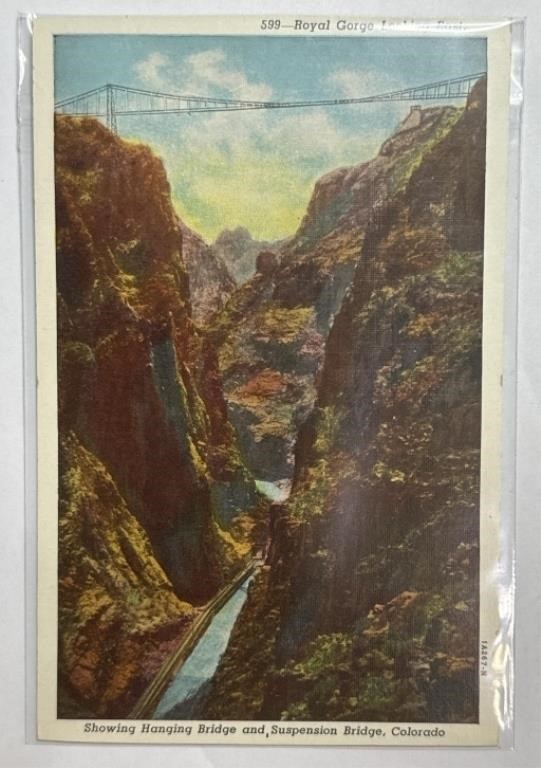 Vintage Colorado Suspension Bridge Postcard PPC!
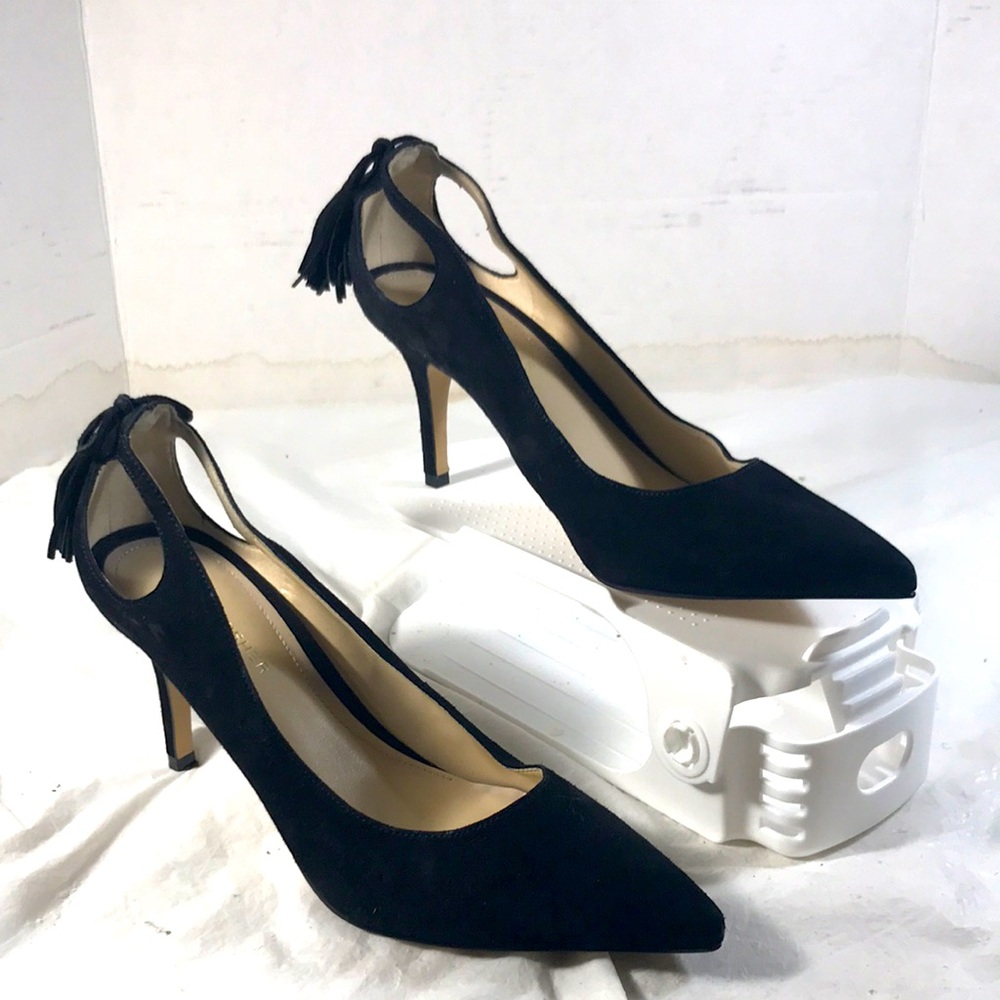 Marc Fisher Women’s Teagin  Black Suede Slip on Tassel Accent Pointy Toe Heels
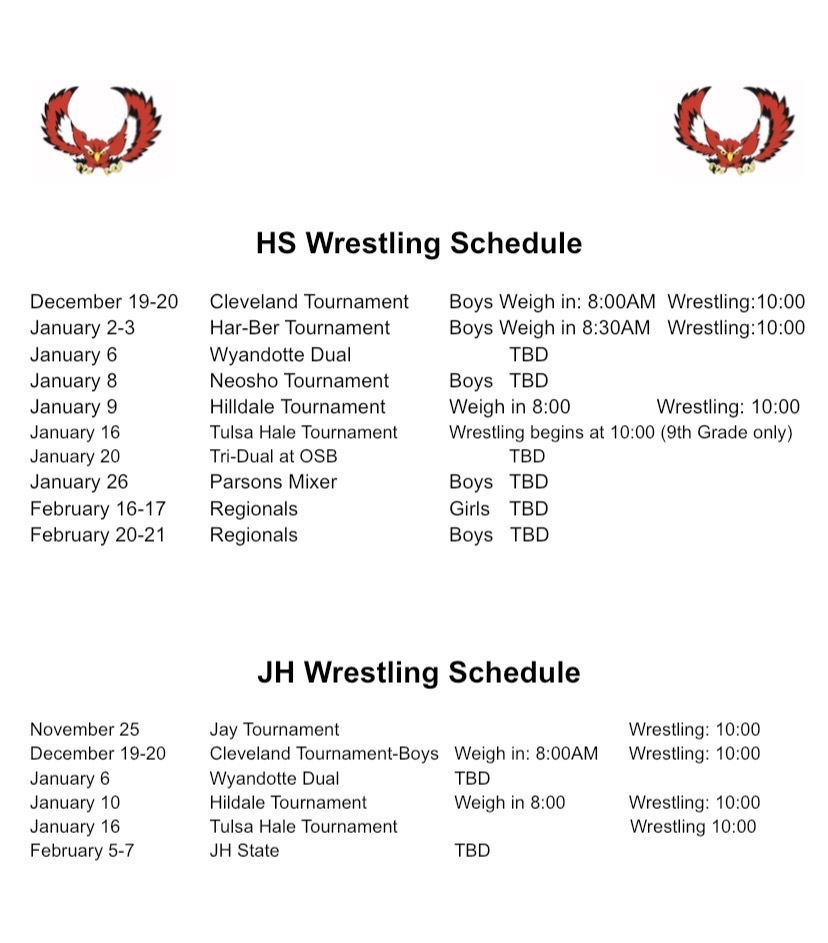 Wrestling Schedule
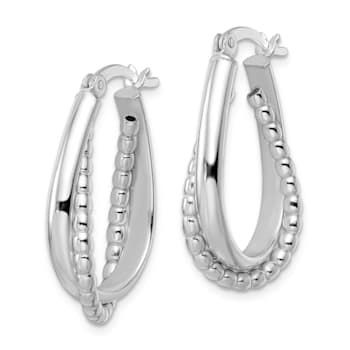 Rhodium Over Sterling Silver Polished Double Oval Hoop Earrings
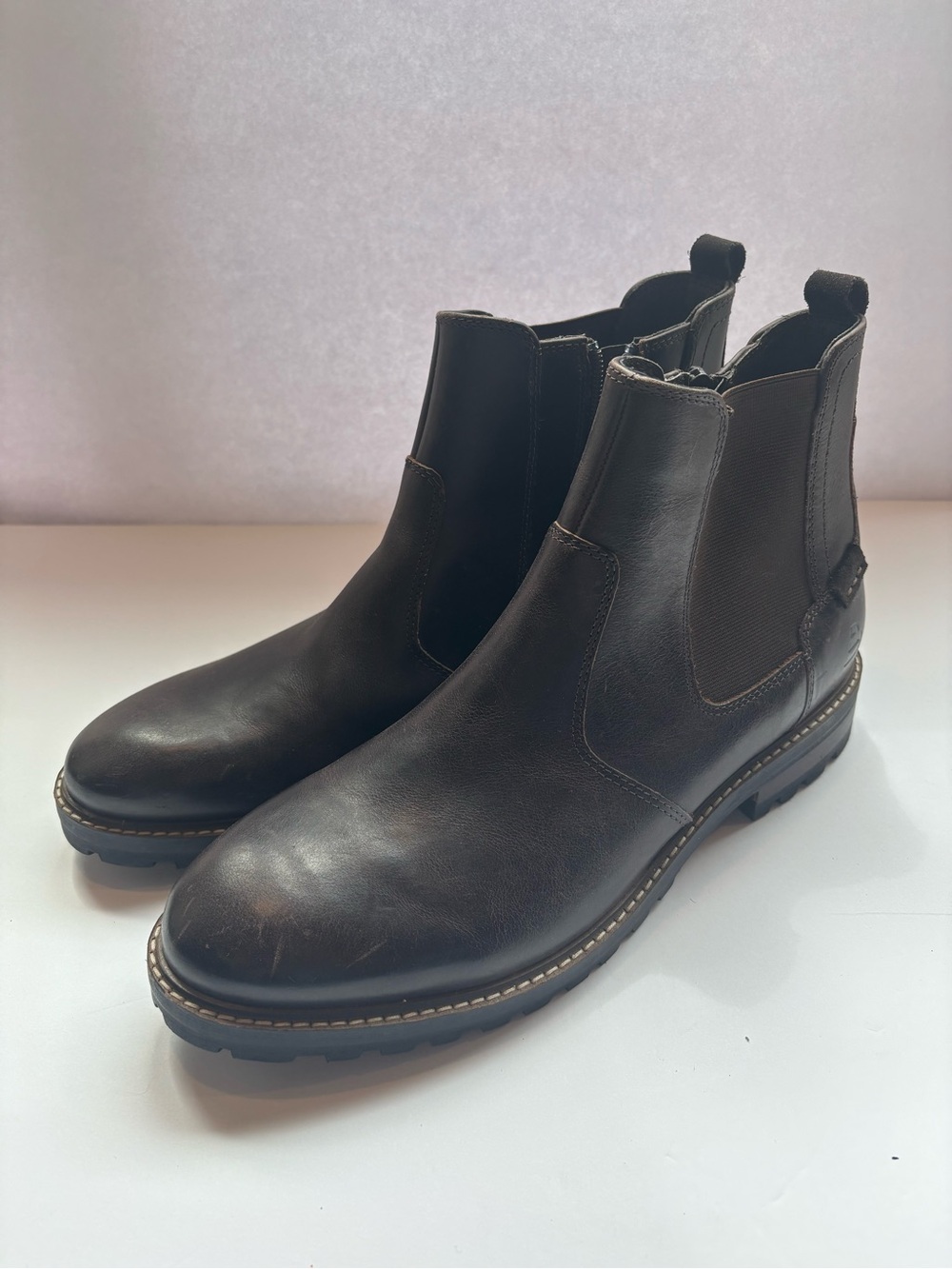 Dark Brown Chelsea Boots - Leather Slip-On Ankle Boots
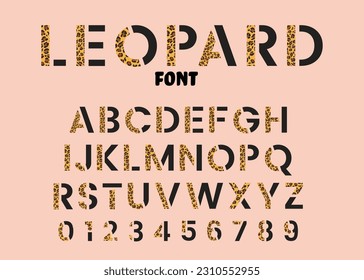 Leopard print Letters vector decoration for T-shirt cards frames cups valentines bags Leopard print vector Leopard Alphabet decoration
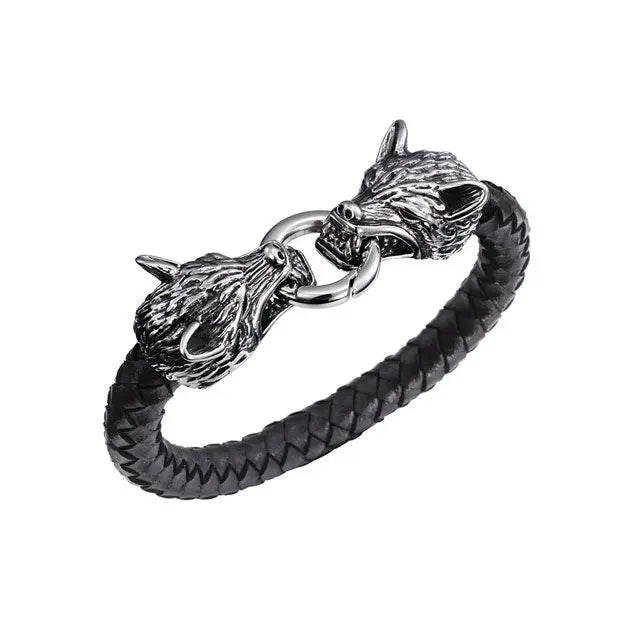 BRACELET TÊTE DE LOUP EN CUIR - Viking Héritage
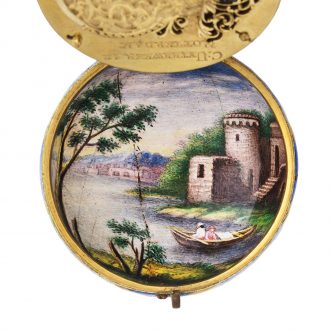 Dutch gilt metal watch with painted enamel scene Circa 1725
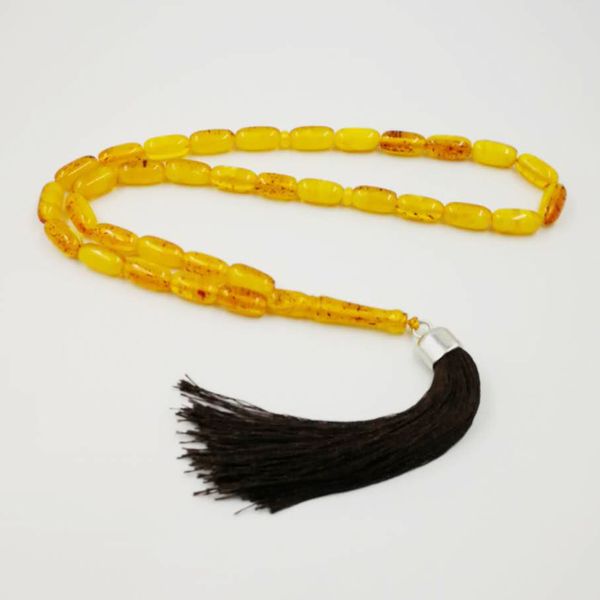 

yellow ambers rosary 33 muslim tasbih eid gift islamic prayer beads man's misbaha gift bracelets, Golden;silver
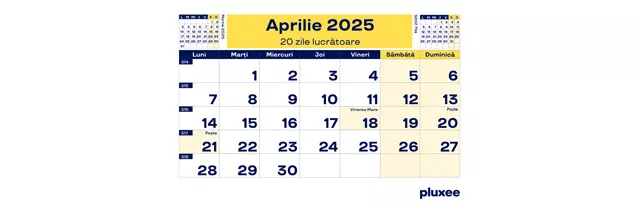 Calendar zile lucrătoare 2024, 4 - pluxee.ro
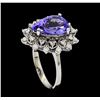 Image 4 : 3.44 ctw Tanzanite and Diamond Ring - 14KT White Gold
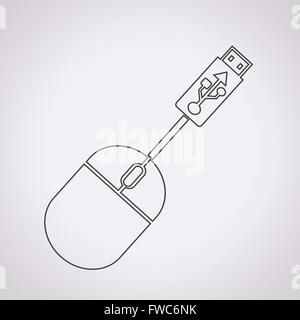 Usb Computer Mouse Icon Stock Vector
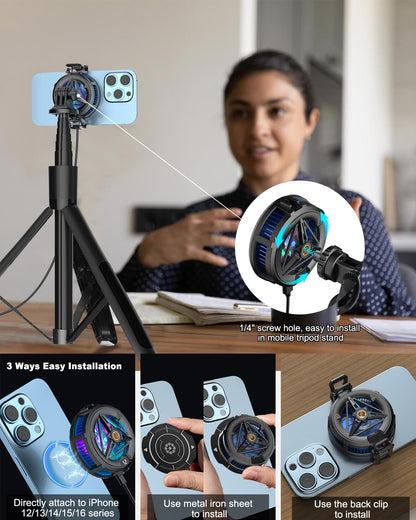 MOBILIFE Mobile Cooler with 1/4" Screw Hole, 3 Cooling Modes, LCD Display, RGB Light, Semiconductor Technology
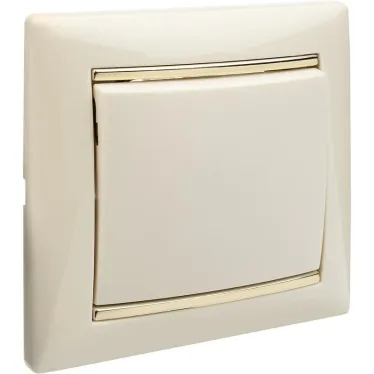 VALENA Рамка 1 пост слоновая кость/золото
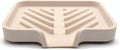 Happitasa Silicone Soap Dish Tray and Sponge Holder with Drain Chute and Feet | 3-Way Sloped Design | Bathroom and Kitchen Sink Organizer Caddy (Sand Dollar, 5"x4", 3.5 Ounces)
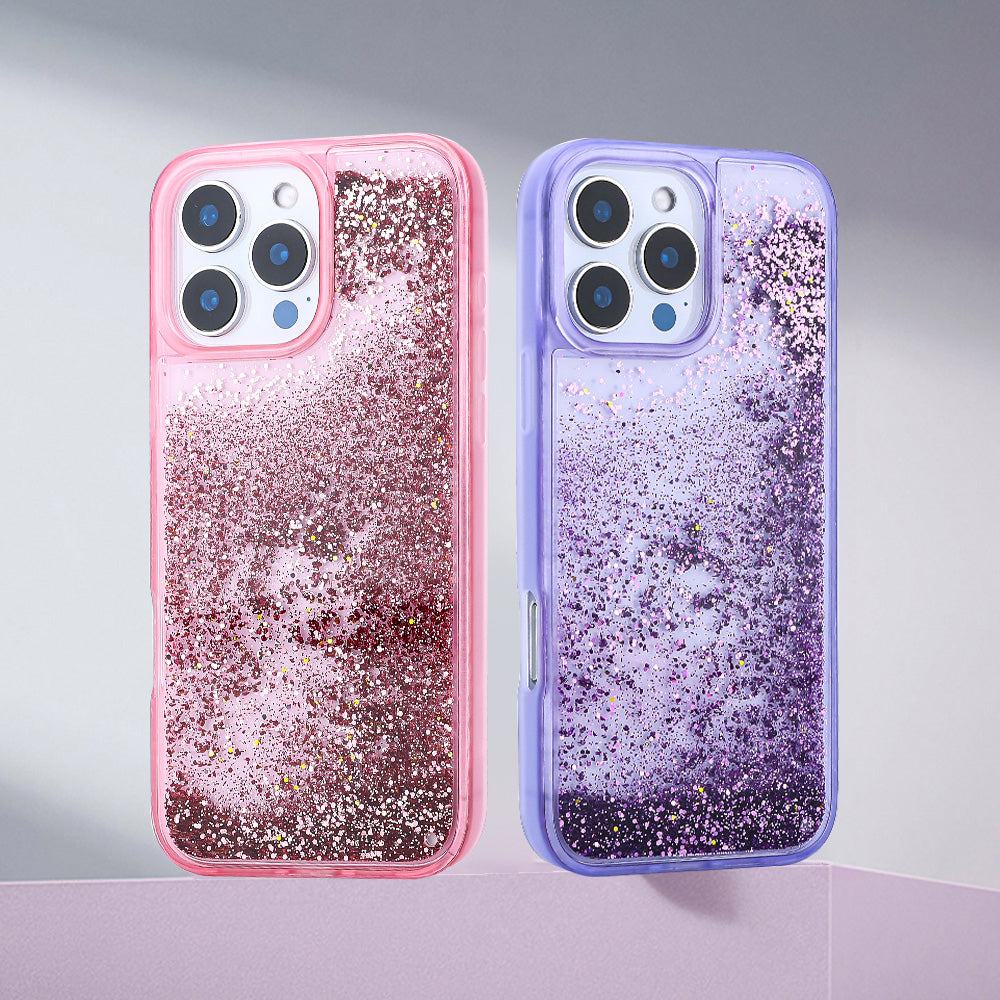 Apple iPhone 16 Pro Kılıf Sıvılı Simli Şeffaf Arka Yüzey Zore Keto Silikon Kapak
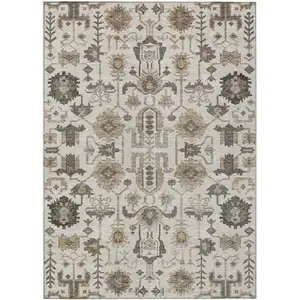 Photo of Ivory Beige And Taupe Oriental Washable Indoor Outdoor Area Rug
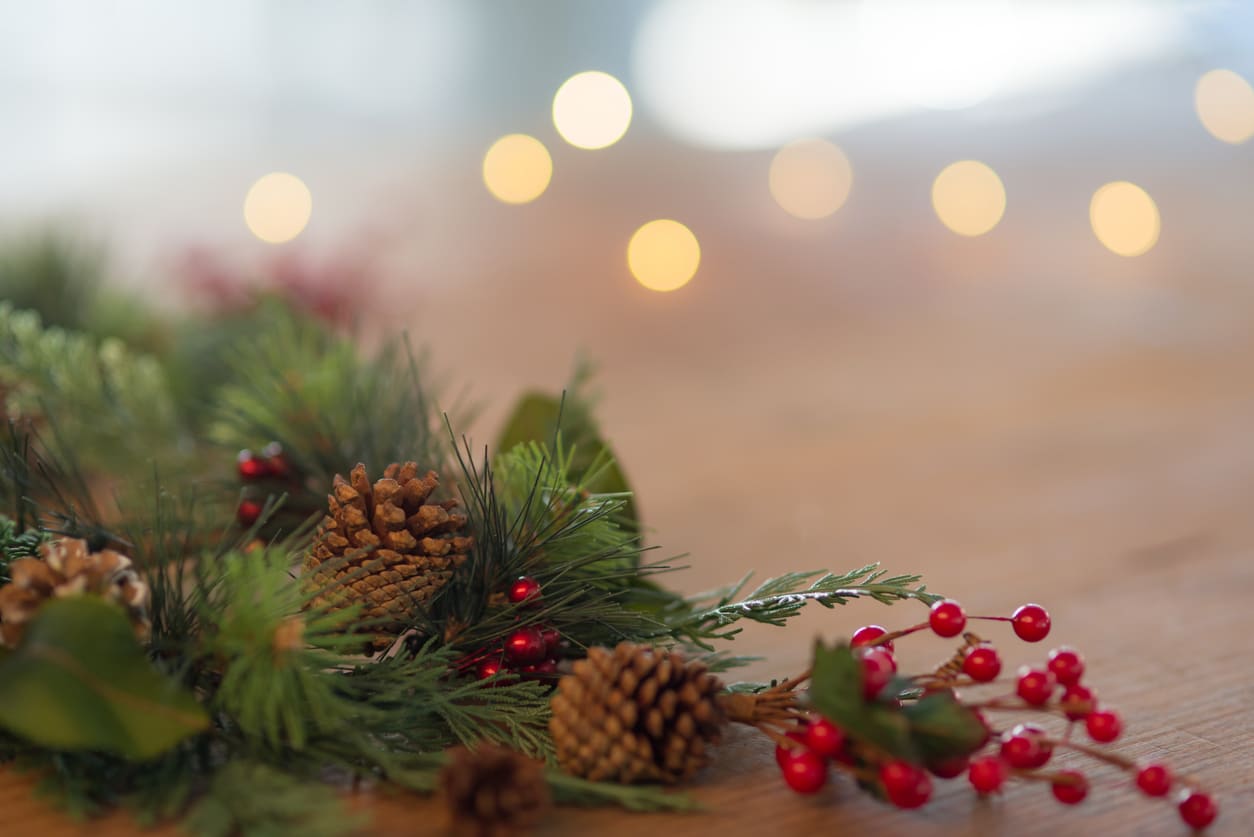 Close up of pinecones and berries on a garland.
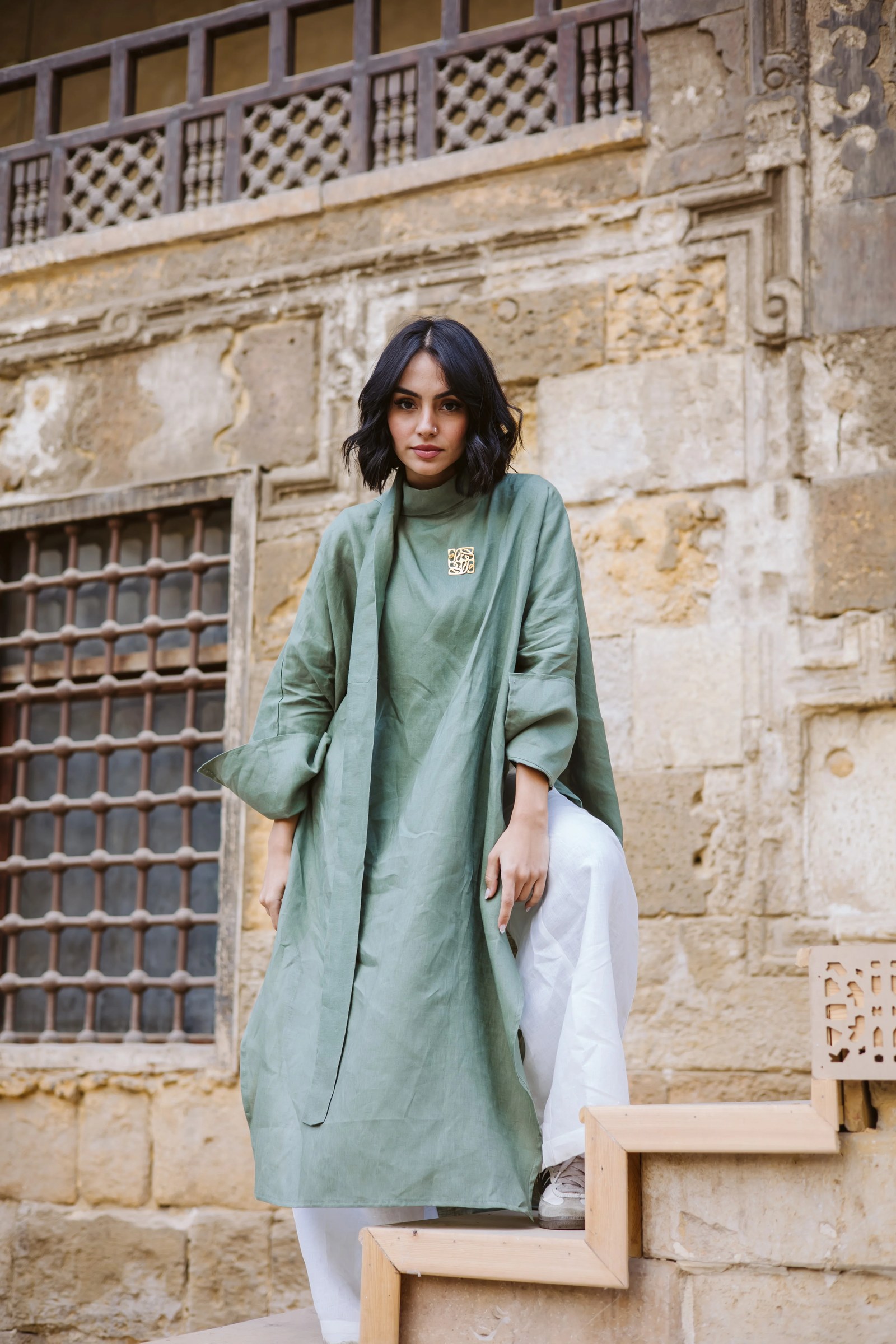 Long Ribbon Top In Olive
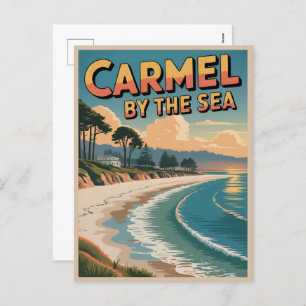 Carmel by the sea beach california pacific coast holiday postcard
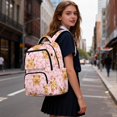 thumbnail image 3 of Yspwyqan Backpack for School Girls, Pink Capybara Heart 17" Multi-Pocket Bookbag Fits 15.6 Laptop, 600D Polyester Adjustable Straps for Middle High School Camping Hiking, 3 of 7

•••••

Write out a verbatim copy of the lines from the line that contains "Image 4 : 3.44" through the end of the entries above; pictures are not copied.

# Answer to the exercise
 Image 4 : 3.44 ctw Tanzanite and Diamond Ring - 14KT White Gold
 Usb Computer Mouse Icon Stock Vector
 MOBILIFE Mobile Cooler with 1/4" Screw Hole, 3 Cooling Modes, LCD Display, RGB Light, Semiconductor Technology
 VALENA Рамка 1 пост слоновая кость/золото
 Happitasa Silicone Soap Dish Tray and Sponge Holder with Drain Chute and Feet | 3-Way Sloped Design | Bathroom and Kitchen Sink Organizer Caddy (Sand Dollar, 5"x4", 3.5 Ounces)
 Apple iPhone 16 Pro Kılıf Sıvılı Simli Şeffaf Arka Yüzey Zore Keto Silikon Kapak
 Photo of Ivory Beige And Taupe Oriental Washable Indoor Outdoor Area Rug
 Close up of pinecones and berries on a garland.
 Long Ribbon Top In Olive
 Carmel by the sea beach california pacific coast holiday postcard
 thumbnail image 3 of Yspwyqan Backpack for School Girls, Pink Capybara Heart 17" Multi-Pocket Bookbag Fits 15.6 Laptop, 600D Polyester Adjustable Straps for Middle High School Camping Hiking, 3 of 7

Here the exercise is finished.